Editor’s Notebook: Dragons live forever and so does true love

Published 7:16 am Saturday, February 10, 2024

2024 marks the Year of the Dragon in the Chinese zodiac, with the year predicted to be a good time for fresh starts.

“Daddy, Jackie Paper should write Puff a letter and say why he doesn’t come to see him anymore,” my daughter Elizabeth once told me.

We’d been spending a lot of time thinking about Puff the Magic Dragon and his friend Jackie, and how anyone could ever become so grown up as to forget best friends, magic and the autumn mist in the land called Honah Lee.

“Maybe,” I told her, “Jackie Paper’s kids, and their kids, will discover Puff’s cave and play with him again.” This was scant comfort for a girl who still cherished Olivia, the Mexican mutt impervious to house training, and Grover, our gentle black kitty too fat to climb a tree when the coyote came — long-lost pets she barely knew as the thinnest little slip of an infant.

Dragons live forever

Dragons live forever, and so does love, according to Elizabeth. Once felt, even if lost for a while, it’s still alive out in the universe, flapping around waiting to be recaptured, like a butterfly in a net. Better never to let it get away. But it’s never so lost as not to be found.

How did dragons, something we’re told never existed, come to inhabit our dreams across thousands of years and miles?

Pull Quote

For nearly all we people of the dragons, they represented the ancient, uncontrollable power of the universe, awfully alive and capricious.

Explore humanity’s first cities along the Tigris and Euphrates, and you’ll find 40-centuries-old dragon carvings. Look carefully under the peat bogs of Britain and you may yet discover golden Celtic broaches cast in the shape of flying serpents, while the richest Chinese textiles from the earliest times feature the fearsome four-clawed yellow dragon reserved for the emperor. For nearly all we people of the dragons, they represented the ancient, uncontrollable power of the universe, awfully alive and capricious. On some level, we needed them — and we especially needed something to fear other than the miserable facts of living in the 14th century and before.

Some of the old English fairy tales we used to read at bedtime deal with dragons, and even old as they are, they speak of dragons as something far beyond the confines of ordinary time.

“We know there were fiery dragons in those days, like George and his dragon in the legend. But there! It’s not the same world nowadays. The world is turned topsy-turvey since then, like as if you’d turn it over with a spade!”

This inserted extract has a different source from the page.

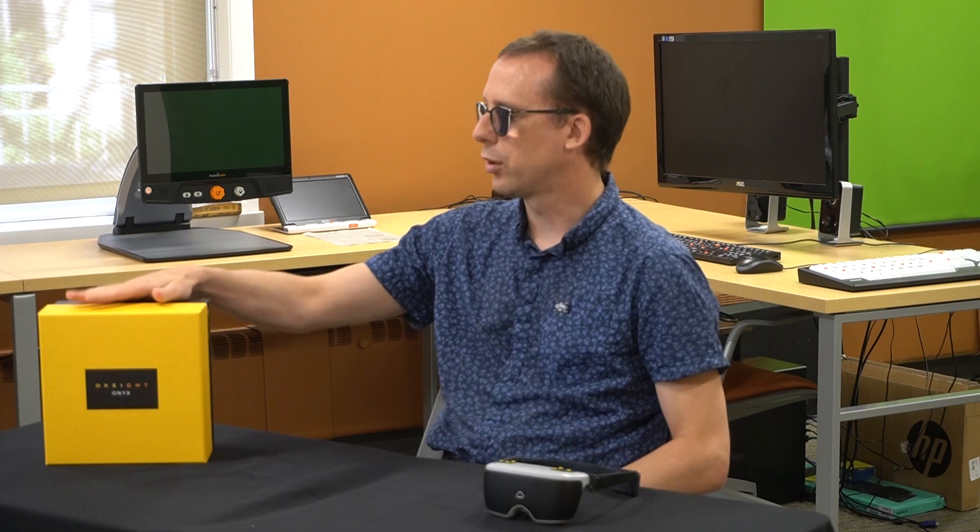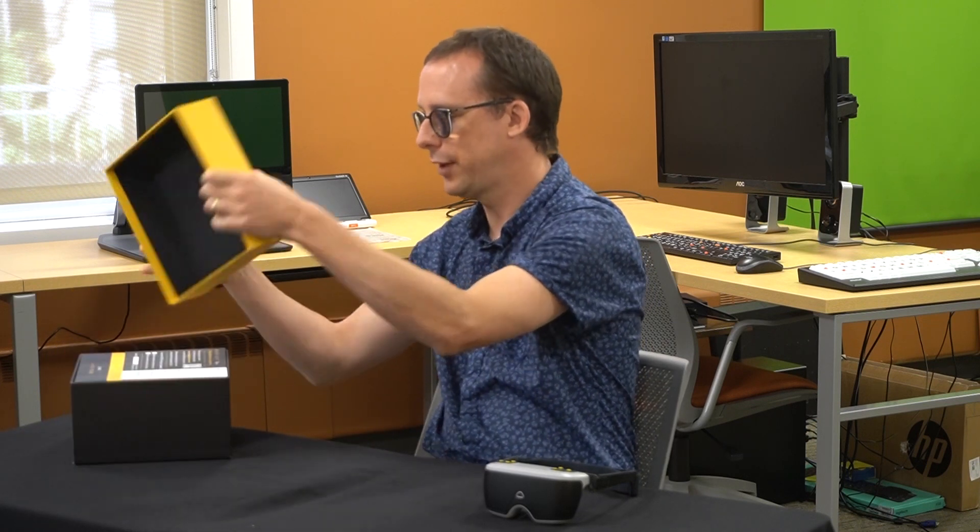Before we jump in and take a look at the features, let's take a look at what we get in the box. First of all, we have the box itself — quite attractive, I would suggest. Nice thick card if you're into that type of thing. And if we open it up, we can see the contents inside.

Ancient horrors come to light

Fossilized dinosaur bones are the most rational (and least emotionally satisfying) explanation for the nearly worldwide belief in dragons or something like them.

Although it was only in the 19th century that fossils were reassembled into complete skeletons, commissioned for public display by Pittsburgh tycoon Andrew Carnegie, even our most distant ancestors must have come across mysterious stone bones and teeth sticking out from eroding hillsides.

It’s easy to imagine the dread such bones would have elicited in people still as often the prey of leopards and wolves as hunters of them. Migrating through the endless steppes and forests, think of seeing for the first time a single leg bone taller than a man. Think of fearing whether this creature’s brothers might live in the cavern just visible in a distant cliff. Hurry past and build a big fire against the night.

One of the easy first steps in geology is keeping your eyes open for things that are different — a vein of hard white quartz cutting through nondescript black rock may contain gold; a patch of pale yellow contrasting with a brown hillside may be an outcropping of uranium ore. Coming home from the desert, our family would often stop at such a yellow patch in the spring, looking for freshly eroded dinosaur knuckles. We’d take them home, and wish we still believed in dragons.

Now allies

Only in those years of late 20th century were people finally comfortable enough to regard dragons, our ancient fantastic enemies, as sympathetic creatures capable of being a child’s playmate.

“If I had a dragon I’d ride him every day and take super good care of him,” said Elizabeth, the conqueror of fear. I don’t suppose she’ll have that exact opportunity. But I know she was really talking about something else: Carefully tending to our loving connections. This is a good lesson for Valentine’s Day, and all days.